» WORK INSTRUCTIONS:
Each record in the listing below is to be duplicated exactly.

» RECORDS FOR THE TASK:
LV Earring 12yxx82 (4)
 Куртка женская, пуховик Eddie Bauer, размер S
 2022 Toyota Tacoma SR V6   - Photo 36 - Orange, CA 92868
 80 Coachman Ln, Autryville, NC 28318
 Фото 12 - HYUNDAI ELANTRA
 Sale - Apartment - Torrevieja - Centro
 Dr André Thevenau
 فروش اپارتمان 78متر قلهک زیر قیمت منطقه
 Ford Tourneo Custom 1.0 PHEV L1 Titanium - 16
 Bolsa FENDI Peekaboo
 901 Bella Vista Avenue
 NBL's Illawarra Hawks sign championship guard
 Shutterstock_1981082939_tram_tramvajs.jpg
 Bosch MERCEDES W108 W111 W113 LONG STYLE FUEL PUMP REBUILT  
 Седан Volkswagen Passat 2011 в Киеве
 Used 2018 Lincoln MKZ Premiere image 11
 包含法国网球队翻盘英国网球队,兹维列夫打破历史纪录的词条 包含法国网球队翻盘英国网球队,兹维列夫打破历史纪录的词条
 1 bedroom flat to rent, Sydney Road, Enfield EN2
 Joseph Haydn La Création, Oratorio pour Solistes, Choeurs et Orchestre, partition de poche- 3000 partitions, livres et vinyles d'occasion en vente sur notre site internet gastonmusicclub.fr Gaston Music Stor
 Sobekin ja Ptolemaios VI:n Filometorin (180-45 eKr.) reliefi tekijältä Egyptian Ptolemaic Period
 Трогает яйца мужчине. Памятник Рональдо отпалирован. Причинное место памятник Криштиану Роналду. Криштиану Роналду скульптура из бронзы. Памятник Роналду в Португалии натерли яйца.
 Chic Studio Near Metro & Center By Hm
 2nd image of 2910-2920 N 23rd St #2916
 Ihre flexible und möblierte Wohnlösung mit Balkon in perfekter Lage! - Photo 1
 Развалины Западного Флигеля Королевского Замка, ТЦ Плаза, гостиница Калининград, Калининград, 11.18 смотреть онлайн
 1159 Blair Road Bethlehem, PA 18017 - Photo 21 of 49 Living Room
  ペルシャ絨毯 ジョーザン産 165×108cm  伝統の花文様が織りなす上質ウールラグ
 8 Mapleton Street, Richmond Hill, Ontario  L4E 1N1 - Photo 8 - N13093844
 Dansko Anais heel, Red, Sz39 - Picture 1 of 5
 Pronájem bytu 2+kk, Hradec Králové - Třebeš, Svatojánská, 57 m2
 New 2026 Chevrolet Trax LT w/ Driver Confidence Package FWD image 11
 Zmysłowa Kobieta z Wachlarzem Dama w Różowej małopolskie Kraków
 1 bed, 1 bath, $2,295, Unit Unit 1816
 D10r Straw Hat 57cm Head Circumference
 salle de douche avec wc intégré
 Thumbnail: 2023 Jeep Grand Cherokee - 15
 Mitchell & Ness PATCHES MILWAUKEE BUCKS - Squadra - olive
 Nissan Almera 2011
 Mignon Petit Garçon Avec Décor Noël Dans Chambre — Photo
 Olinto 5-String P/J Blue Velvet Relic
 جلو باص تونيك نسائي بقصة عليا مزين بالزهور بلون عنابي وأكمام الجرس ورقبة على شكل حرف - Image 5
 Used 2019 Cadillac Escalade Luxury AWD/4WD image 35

» RESULT OF THIS TASK:
LV Earring 12yxx82 (4)
 Куртка женская, пуховик Eddie Bauer, размер S
 2022 Toyota Tacoma SR V6   - Photo 36 - Orange, CA 92868
 80 Coachman Ln, Autryville, NC 28318
 Фото 12 - HYUNDAI ELANTRA
 Sale - Apartment - Torrevieja - Centro
 Dr André Thevenau
 فروش اپارتمان 78متر قلهک زیر قیمت منطقه
 Ford Tourneo Custom 1.0 PHEV L1 Titanium - 16
 Bolsa FENDI Peekaboo
 901 Bella Vista Avenue
 NBL's Illawarra Hawks sign championship guard
 Shutterstock_1981082939_tram_tramvajs.jpg
 Bosch MERCEDES W108 W111 W113 LONG STYLE FUEL PUMP REBUILT  
 Седан Volkswagen Passat 2011 в Киеве
 Used 2018 Lincoln MKZ Premiere image 11
 包含法国网球队翻盘英国网球队,兹维列夫打破历史纪录的词条 包含法国网球队翻盘英国网球队,兹维列夫打破历史纪录的词条
 1 bedroom flat to rent, Sydney Road, Enfield EN2
 Joseph Haydn La Création, Oratorio pour Solistes, Choeurs et Orchestre, partition de poche- 3000 partitions, livres et vinyles d'occasion en vente sur notre site internet gastonmusicclub.fr Gaston Music Stor
 Sobekin ja Ptolemaios VI:n Filometorin (180-45 eKr.) reliefi tekijältä Egyptian Ptolemaic Period
 Трогает яйца мужчине. Памятник Рональдо отпалирован. Причинное место памятник Криштиану Роналду. Криштиану Роналду скульптура из бронзы. Памятник Роналду в Португалии натерли яйца.
 Chic Studio Near Metro & Center By Hm
 2nd image of 2910-2920 N 23rd St #2916
 Ihre flexible und möblierte Wohnlösung mit Balkon in perfekter Lage! - Photo 1
 Развалины Западного Флигеля Королевского Замка, ТЦ Плаза, гостиница Калининград, Калининград, 11.18 смотреть онлайн
 1159 Blair Road Bethlehem, PA 18017 - Photo 21 of 49 Living Room
  ペルシャ絨毯 ジョーザン産 165×108cm  伝統の花文様が織りなす上質ウールラグ
 8 Mapleton Street, Richmond Hill, Ontario  L4E 1N1 - Photo 8 - N13093844
 Dansko Anais heel, Red, Sz39 - Picture 1 of 5
 Pronájem bytu 2+kk, Hradec Králové - Třebeš, Svatojánská, 57 m2
 New 2026 Chevrolet Trax LT w/ Driver Confidence Package FWD image 11
 Zmysłowa Kobieta z Wachlarzem Dama w Różowej małopolskie Kraków
 1 bed, 1 bath, $2,295, Unit Unit 1816
 D10r Straw Hat 57cm Head Circumference
 salle de douche avec wc intégré
 Thumbnail: 2023 Jeep Grand Cherokee - 15
 Mitchell & Ness PATCHES MILWAUKEE BUCKS - Squadra - olive
 Nissan Almera 2011
 Mignon Petit Garçon Avec Décor Noël Dans Chambre — Photo
 Olinto 5-String P/J Blue Velvet Relic
 جلو باص تونيك نسائي بقصة عليا مزين بالزهور بلون عنابي وأكمام الجرس ورقبة على شكل حرف - Image 5
 Used 2019 Cadillac Escalade Luxury AWD/4WD image 35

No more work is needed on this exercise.